La mise à l'épreuve

Publié le par Garrigues

Matthieu 4,1-11 et les autres

« Si tu es le Fils de Dieu, dit que ces pierres deviennent des pains... Si tu es le fils de Dieu, jette-toi en bas... Si tu te prosternes devant moi, la gloire de ces royaumes t'appartiendra entièrement... »

Avant les Béatitudes, il y a le combat et la victoire sur Satan. La formule, qui reproduit la disposition du texte, fausse un peu les choses. Parce que le combat contre Satan, le désert, comme la crèche, est l'inauguration même de la Bonne Nouvelle, qui réconcilie le ciel et la terre  en Jésus. Satan et ses troupes de démons, il les affrontera tout le temps. Pas plus que dans une  conversion donc, il n'y a de chemins définitivement acquis dans une vie de foi. Parce que c'est la grâce qui fait le péché. Elle le précède : « Jésus fut emmené au désert par l'Esprit pour être tenté... » Elle le dévoile à chaque pas du Seigneur et des disciplines : « Je voyais Satan tomber du ciel ». C'est que Dieu est au commencement de chaque recommencement.

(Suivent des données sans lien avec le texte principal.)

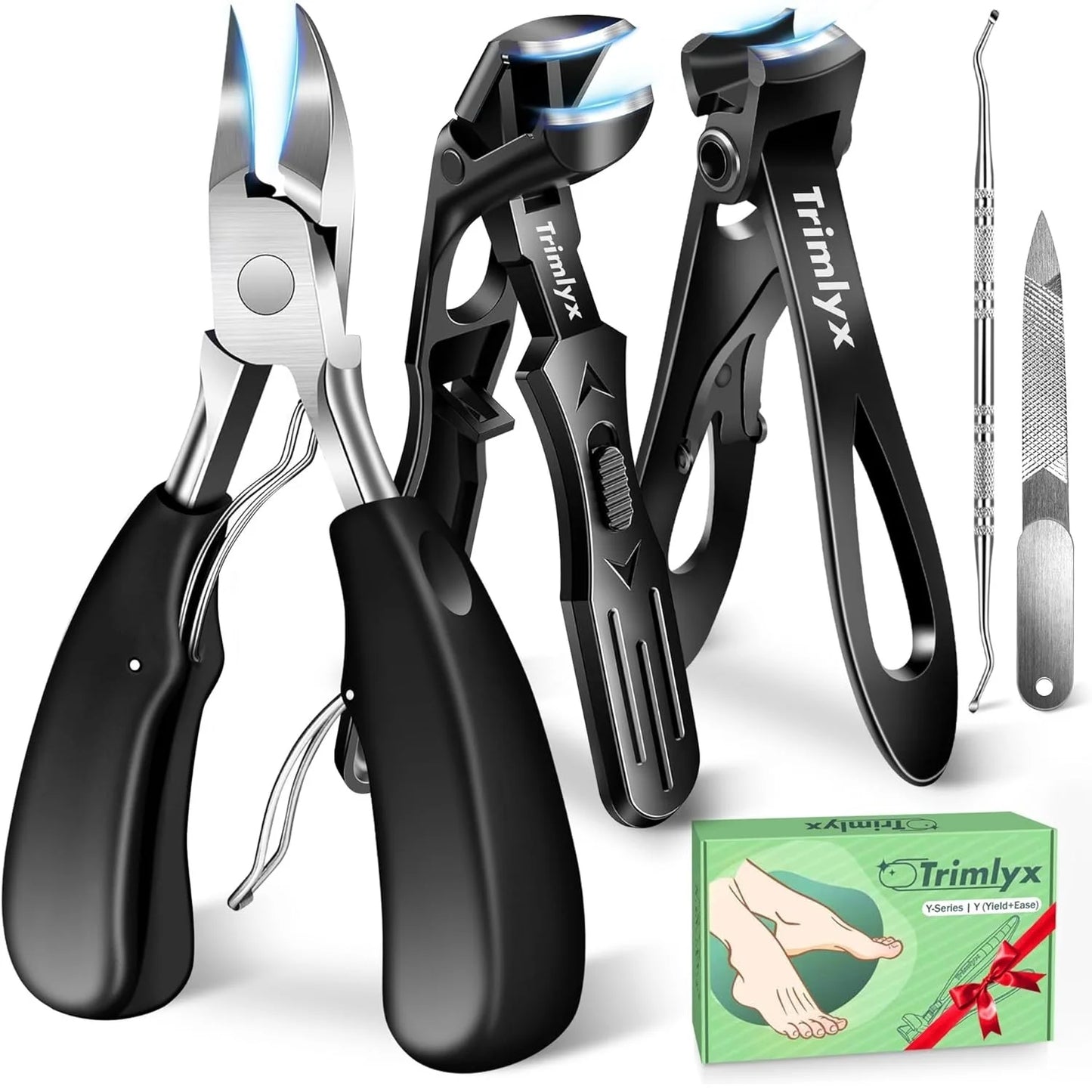 Heavy Duty Toenail Clippers Kit for Thick Toenails Seniors Toe Nail Clippers Upgrade Angled Head Ingrown Large Toe Nail Clippers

On (la généalogie du « on » et ses développements seraient trop long à expliciter ici) nous a beaucoup parlé du désir, de sa conversion en désir de Dieu, de l'Autre, de l'être. De la conversion du besoin, éventuellement localisé dans la libido, en désir, éventuellement localisé dans l'inconscient, qui articule l'avènement du sujet par l'interdit originel, la frustration, passage obligé de la structuration existentielle de l'individu libre, enfin né. Mais, à son tour, le désir, narcissique par nature, doit se déprendre de lui-même, se retourner, se détourner de ses propres productions pour accéder enfin à l'Autre, à l'autre de l'Autre, où commence le sujet spirituel. Le système s'est perfectionné, de Platon à Sartre et Lacan, pour faire finalement épistémologie et anthropologie dialectique. Économie et société aussi : le passage du besoin, relation aux choses, au désir, relation à l'Autre, de l'économie laborieuse du producteur à l'économie du désir du consommateur, celle-ci oppressant celle-là. Il fallait donc bien commencer par inventer le sujet immensément libre, délesté de tout interdit, pour ensuite légitimer l'immense liberté du sujet social et économique. Un système positiviste en autorise un autre qui le décline. C'est comme ça, dit-on. Peut-être.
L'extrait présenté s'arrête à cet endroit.